*** Material provided Section Begins ***
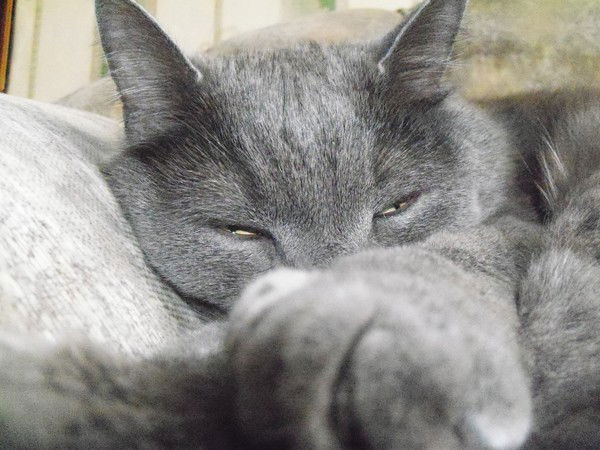 Руслан Юнысов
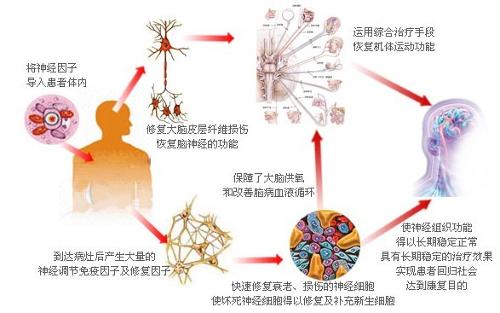 疫情治疗的科技创新(疫情考研国家线吗)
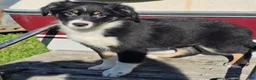 Australian Shepherd dogs for sale: Maggie - Ad 1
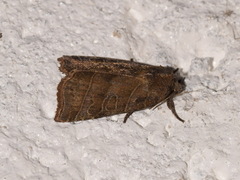 Ipimorpha retusa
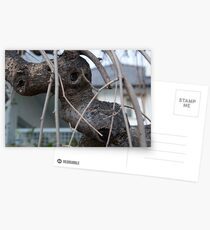 Animal Head in Tree Branch, Bolzano/Bozen, Italy Postcards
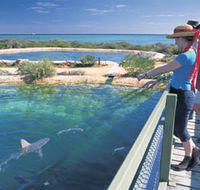 Shark Bay Marine Park - Attractions Melbourne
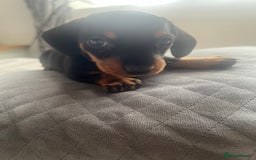 Miniature Dachshund dogs for sale: Just 1 left! KC registered miniature dachshund  - Image 18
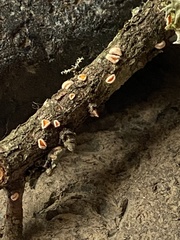 Lachnellula calyciformis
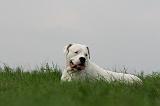 DOGUE ARGENTIN 429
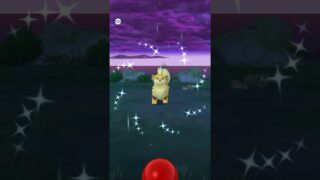 ポケモンGO ｜#061｜無課金｜ Pokémon GO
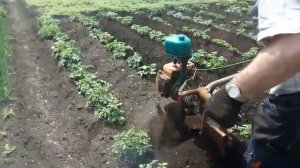 Самоходный окучник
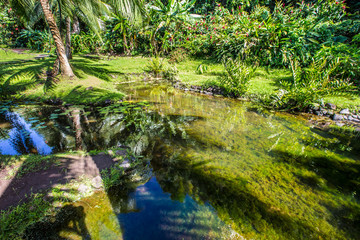 Jardins de Vaipahi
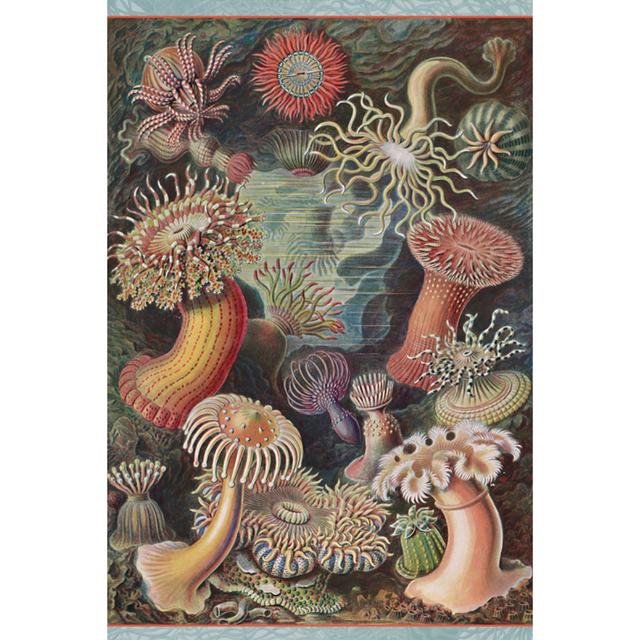 Ernst Haeckel: Sea Anemones - Thirsty Meeples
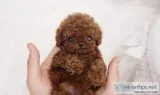 Red Micro Teacup Poodle for Sale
*** Material provided Section Ends ***
Work order: From the first line to the last, set down the data exactly, without the pictures.

Written response:
 Руслан Юнысов
 疫情治疗的科技创新(疫情考研国家线吗)
 Australian Shepherd dogs for sale: Maggie - Ad 1
 Ipimorpha retusa
 Animal Head in Tree Branch, Bolzano/Bozen, Italy Postcards
 Shark Bay Marine Park - Attractions Melbourne
 Miniature Dachshund dogs for sale: Just 1 left! KC registered miniature dachshund  - Image 18
 Lachnellula calyciformis
 DOGUE ARGENTIN 429
 ポケモンGO ｜#061｜無課金｜ Pokémon GO
 Самоходный окучник
 Jardins de Vaipahi
 Ernst Haeckel: Sea Anemones - Thirsty Meeples
 Red Micro Teacup Poodle for Sale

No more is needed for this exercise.